The research by the London School of Economics and NGO Carbon Tracker says firms spend billions of pounds of shareholders' money on exploration.
It says 200 listed firms spent £440bn in 2012 chasing more coal, oil and gas.
It says if this continues for a decade - and if CO2 limits are achieved - they would waste over £4tn.
The research says the listed companies analysed own 762 billion tonnes of CO2 in the form of coal, oil and gas.
Many of the firms are listed in the City of London - the world's fossil fuel investment capital.
To stick to the current agreed global limit on emissions - which is sure to be breached - the firms would probably be able to emit no more than about 125-275 billion tonnes of CO2 - about a quarter of their assets.
The authors say that, even if the rules are relaxed to allow emissions to a level associated with a 3C temperature rise, there will still have to be limits on fossil fuel burning.

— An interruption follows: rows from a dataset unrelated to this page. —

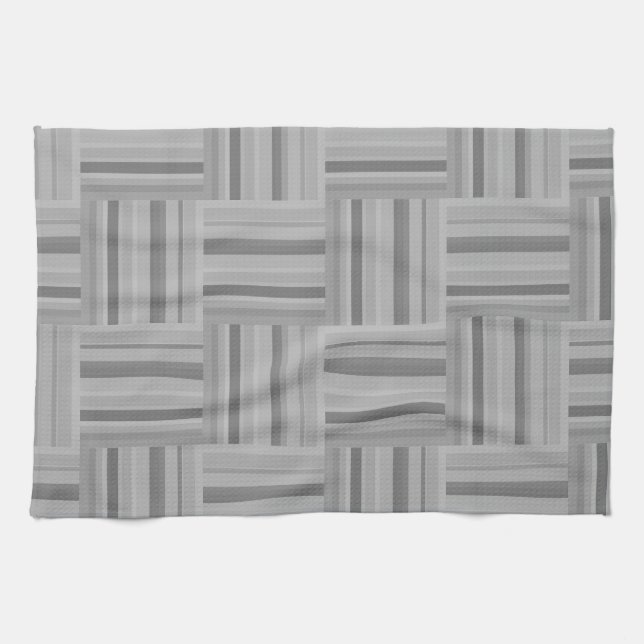 Grey stripes weave pattern tea towel (Horizontal)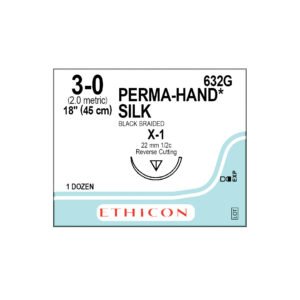 J&J Ethicon Suture Silk 3/0 with X-1 22mm 1/2 Circle Reverse Cutting Needle 45cm (12)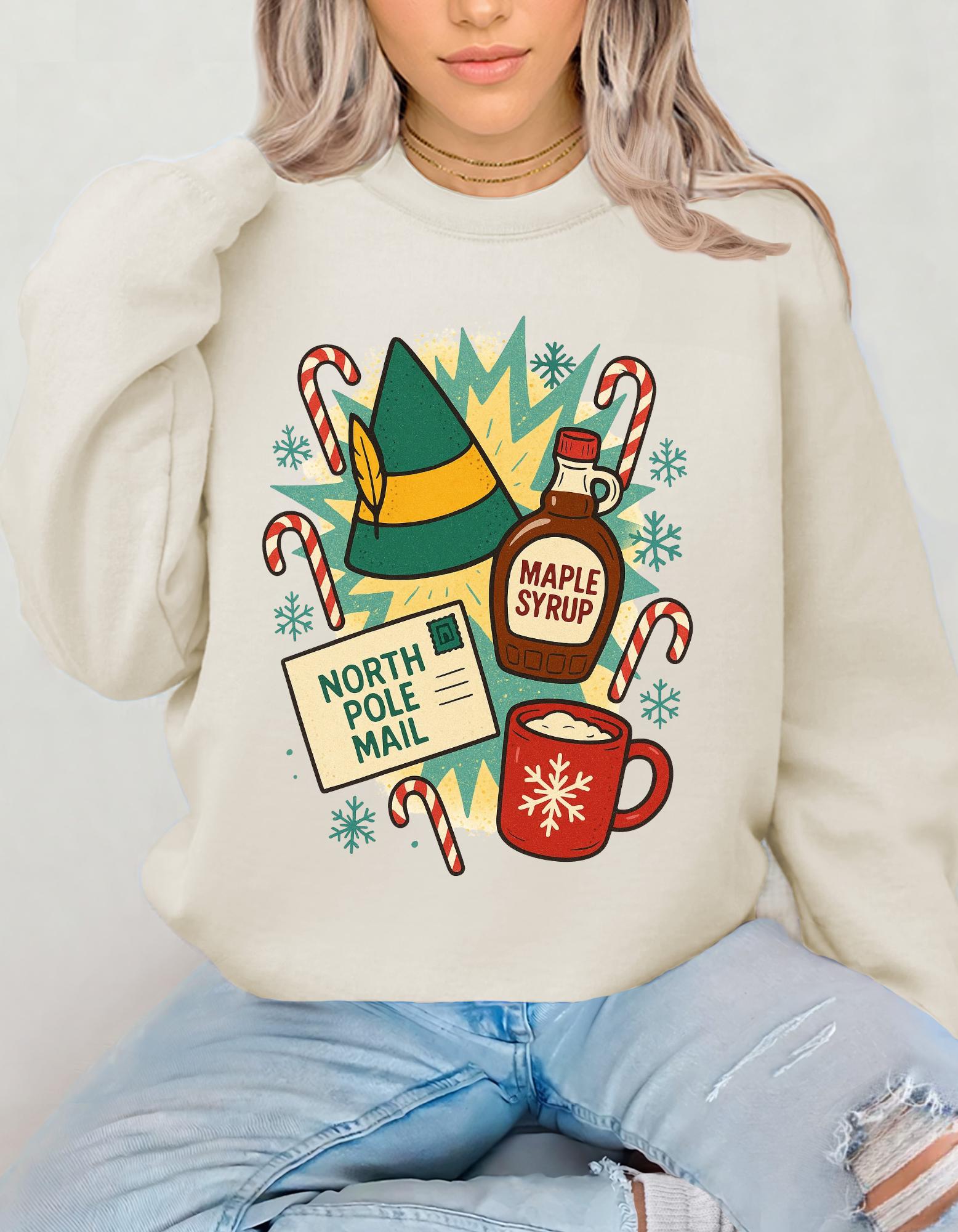 Elf Maple Syrup Crewneck Sweatshirt - Holiday Winter Apparel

The carbon capture and storage technology can strip carbon from fossil fuel exhaust gases and store it in rocks, but it is unproven at scale, trials are years behind schedule and it may not work in some areas of the world.
The authors say the current fossil fuel business model assumes that there are no emissions limits.
This attitude is perhaps hardly surprising, given the mismatch between politicians' rhetoric on the need to cut emissions and the continued rise in atmospheric CO2.
Carbon Tracker has been campaigning for regulators to force firms to disclose the potential CO2 emissions embedded in their fossil fuel reserves, in order to inform potential investors.
It says there is a danger of a carbon "bubble."